DATA TO EXAMINE:
__________
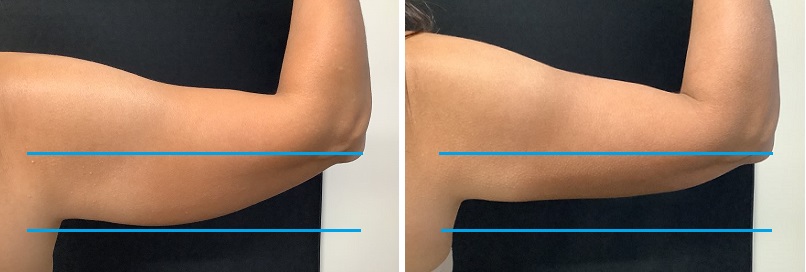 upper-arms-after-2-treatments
__________
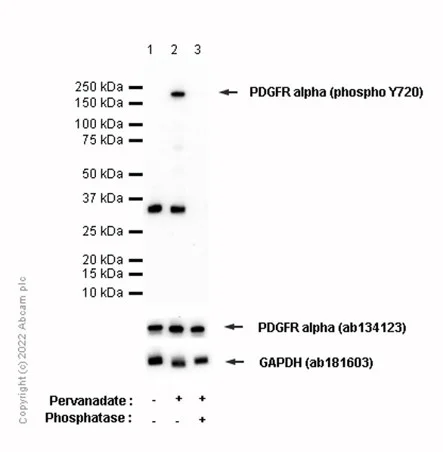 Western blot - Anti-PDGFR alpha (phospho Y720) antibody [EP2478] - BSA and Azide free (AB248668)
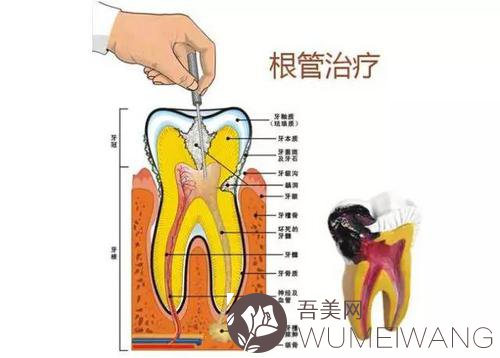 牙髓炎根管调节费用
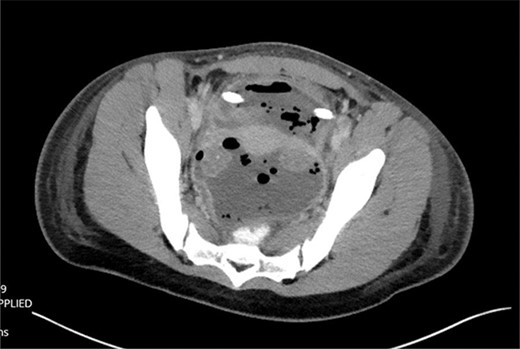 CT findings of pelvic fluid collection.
__________
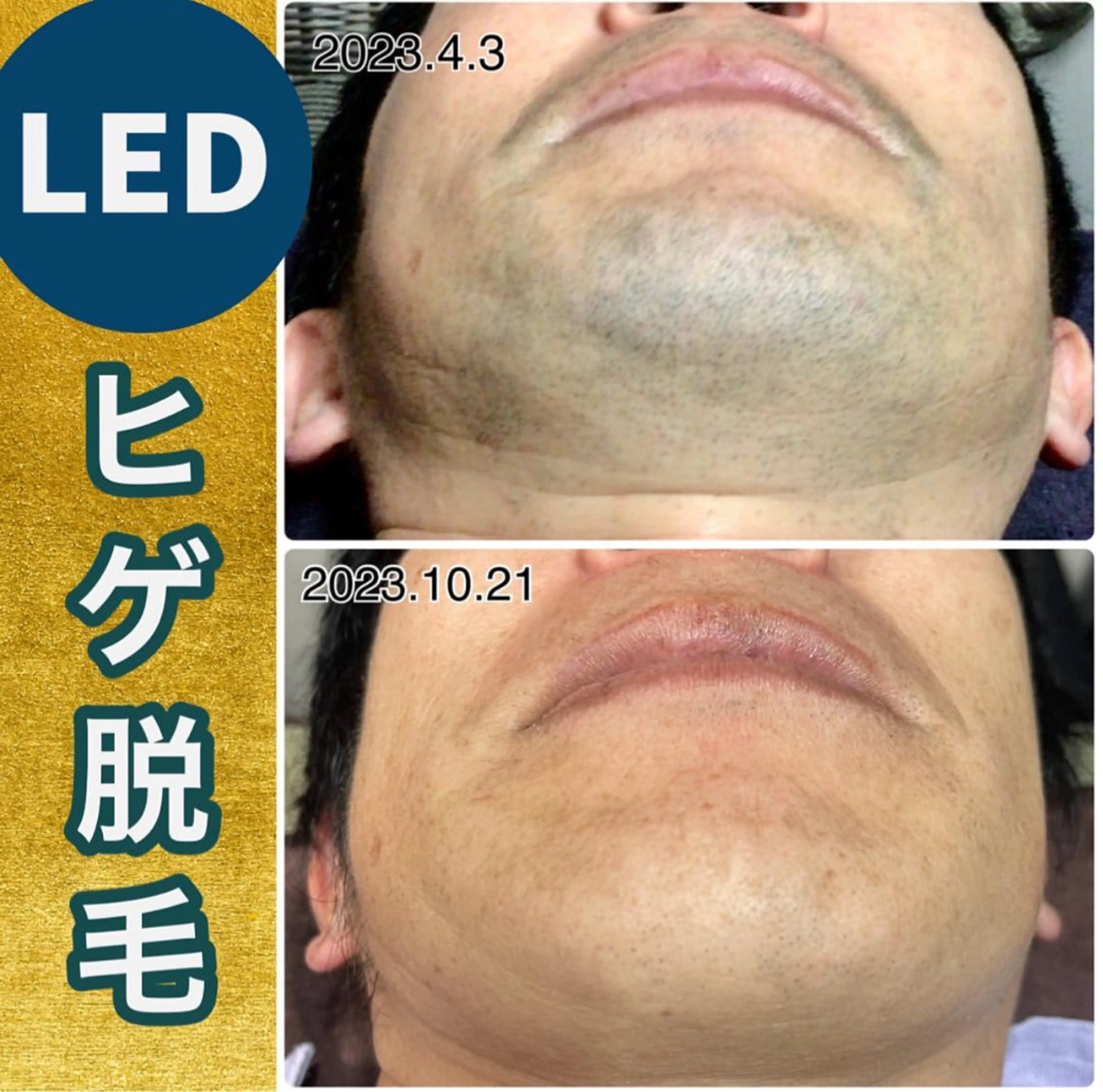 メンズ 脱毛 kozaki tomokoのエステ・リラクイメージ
__________
TASK PROMPT:
Above are the records; copy from them only the lines starting at the one containing "Western blot - Anti-PDGFR" and ending at the one containing "CT findings of pelvic fluid collection.", exactly and without pictures.

ANSWER BOX:
 Western blot - Anti-PDGFR alpha (phospho Y720) antibody [EP2478] - BSA and Azide free (AB248668)
 牙髓炎根管调节费用
 CT findings of pelvic fluid collection.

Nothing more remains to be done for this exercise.